An obvious answer is to ramp up the actual privacy, restrict access to known readers, who are not people I am avoiding discussing, but I would like to avoid that.  I like to think that there is something to be gained by being public.  That taking this blog away would be doing someone a disservice.

The other obvious answer is to say, well, if I am not actually private, then I shouldn't say anything about anyone that I wouldn't say over a loudspeaker because that is the Rule of the Internet.  If you don't want your boss, your mom, or a judge to read something, you shouldn't say it online.

But, but, but I don't wanna.

Tuesday, August 21, 2012

Dammit.

I do and then I don't and then I do and then I don't, and then I feel bad about it.

Anyway,

Good Night.


I have a new goal.

Besides learning Fake ID before Thursday, because I've almost got it down already.  I so want to WIN at country dancing.  (I've been feeling mighty these days.) 

I'm aiming for 167 lbs. by 2013.  It's ambitious, because there are some serious hurdles between now and then, but it's not totally implausible.  Hitting 167 would mean an even 50 pounds lost in 2012.  I like that number.  It's worth trying.

Monday, August 20, 2012

You know what would be a really good idea?

Not staying up all night learning the dance to Fake ID.






Even if it's awesome.





Data Points

Last August, when school started, I posted this:

Tuesday morning I was sobbing in the shower because it had started to rain and my clothes had been sitting outside for a day and a half already and my car window still wasn't covered up and I couldn't handle any one more thing.

It is good to have data points.


Sunday, August 19, 2012

Other People's Words Again

There is this bit from a Ani DiFranco live CD, where she says something like

So I dunno if you've heard this new album I've got, but all the righteous babes, well, some of 'em anyway, they've got their panties all in a twist and they're like "What's all this about love and shit, what happened to your politics," and "is this a conscious move away from overtly politically songwriting Ms.
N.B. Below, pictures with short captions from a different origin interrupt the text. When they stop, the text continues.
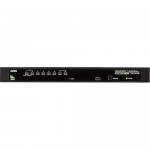 Aten KVM Switch CS1308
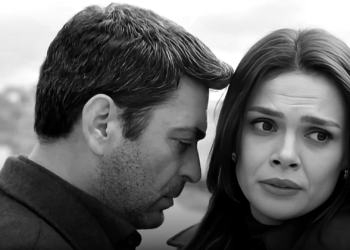 Susret sa Merjem i nove nevolje: čime nas je iznenadila 54. epizoda serije „Daleki grad“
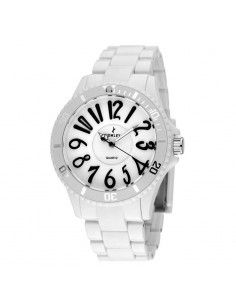 NOWLEY SPORT BLANCO 8-6087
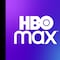 Netflix considera aumento de precios de HBO Max tras compra de Warner Bros.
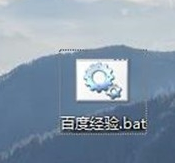 win10 win10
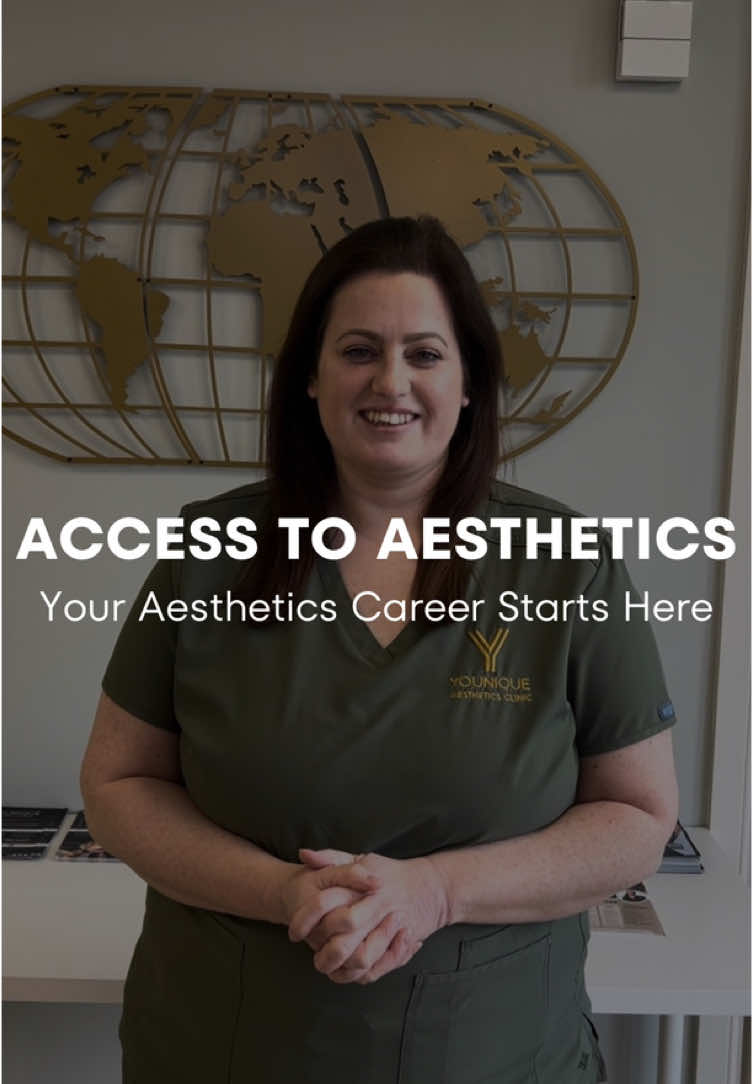 @youniqueaestheticacademy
DiFranco?" And I was like, "no, man, I just got--

--I got kinda distracted."

He said, I said, he said, you know.

And then, and then.


Me and My Skirt and My Crush

Wedding reception, now onto lab cleaning, which so far has meant putting two scanners away and taking a too-tired-to-make-a-face-for-the-camera skirt shot.

I made this skirt last summer for Sara's wedding.  This is me wearing the skirt today.





...


At first I wasn't sure if he wanted anything more than a hang-out buddy.  Then I wasn't sure if I did.  Then I changed my mind.  So I came up with an excuse to go out with him and before I got in the cab to go home, he gave me an opportunity to kiss him and I took it.

And this morning, I started to think:

Do I like him enough?  

Do I like him for the wrong reasons?  

Do I want him to be my Boyfriend?  

A Real Boyfriend?  

Should I be doing this if I don't?  

What will my friends think of him?  

Can I take him to Knitters' Breakfast?

And you know what?  I thought all these things, and then I thought:

I met a boy on Friday and kissed him on Saturday.  I'm having a lot of fun.  That is all I need to know right now.

I am no good a sleeping in anymore.

But I got a kiss good night.

Friday, August 17, 2012

No, really

I am not going to spend my day blogging.

But I thought you should know that there is a loltheorists page.  You have to go through some unfunny, but it's worth it. 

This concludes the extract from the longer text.